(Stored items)
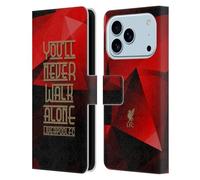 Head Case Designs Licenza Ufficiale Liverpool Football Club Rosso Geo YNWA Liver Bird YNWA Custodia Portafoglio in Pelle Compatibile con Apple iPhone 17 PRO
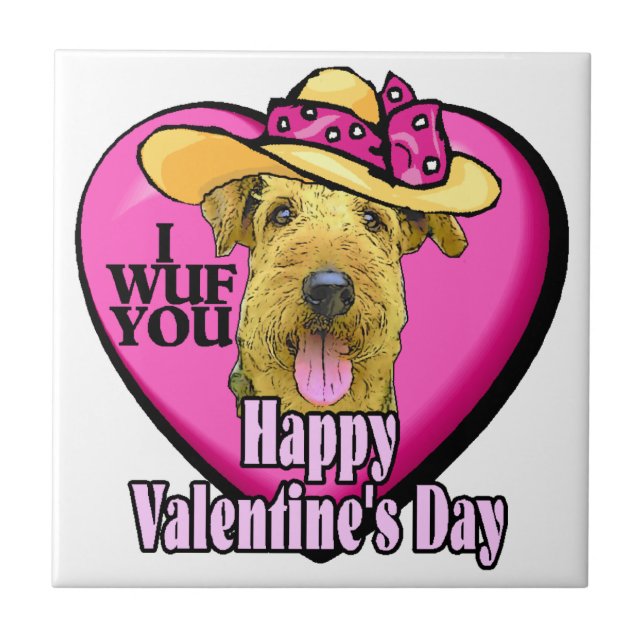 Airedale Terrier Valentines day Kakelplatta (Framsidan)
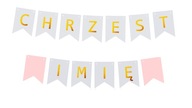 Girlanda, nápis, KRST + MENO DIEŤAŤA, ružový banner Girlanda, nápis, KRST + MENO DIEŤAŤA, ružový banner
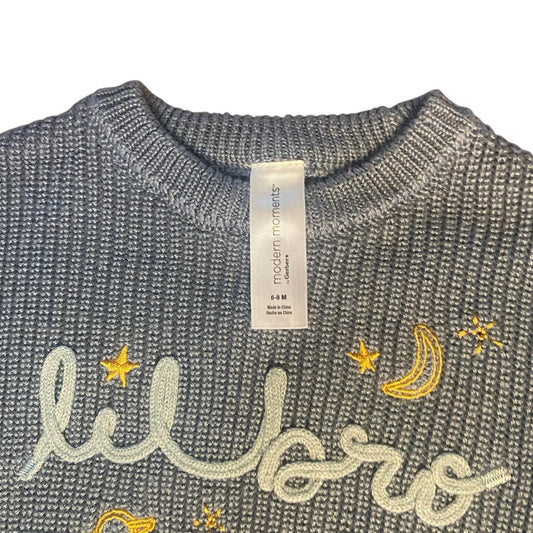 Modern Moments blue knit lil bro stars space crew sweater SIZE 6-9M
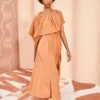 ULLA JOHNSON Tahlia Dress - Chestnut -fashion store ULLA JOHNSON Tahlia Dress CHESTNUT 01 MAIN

### Work required
Every line above should be printed again word for word, without its pictures.

### Response area
 Head Case Designs Licenza Ufficiale Liverpool Football Club Rosso Geo YNWA Liver Bird YNWA Custodia Portafoglio in Pelle Compatibile con Apple iPhone 17 PRO
 Airedale Terrier Valentines day Kakelplatta (Framsidan)
 Girlanda, nápis, KRST + MENO DIEŤAŤA, ružový banner Girlanda, nápis, KRST + MENO DIEŤAŤA, ružový banner
 Modern Moments blue knit lil bro stars space crew sweater SIZE 6-9M
 ULLA JOHNSON Tahlia Dress - Chestnut -fashion store ULLA JOHNSON Tahlia Dress CHESTNUT 01 MAIN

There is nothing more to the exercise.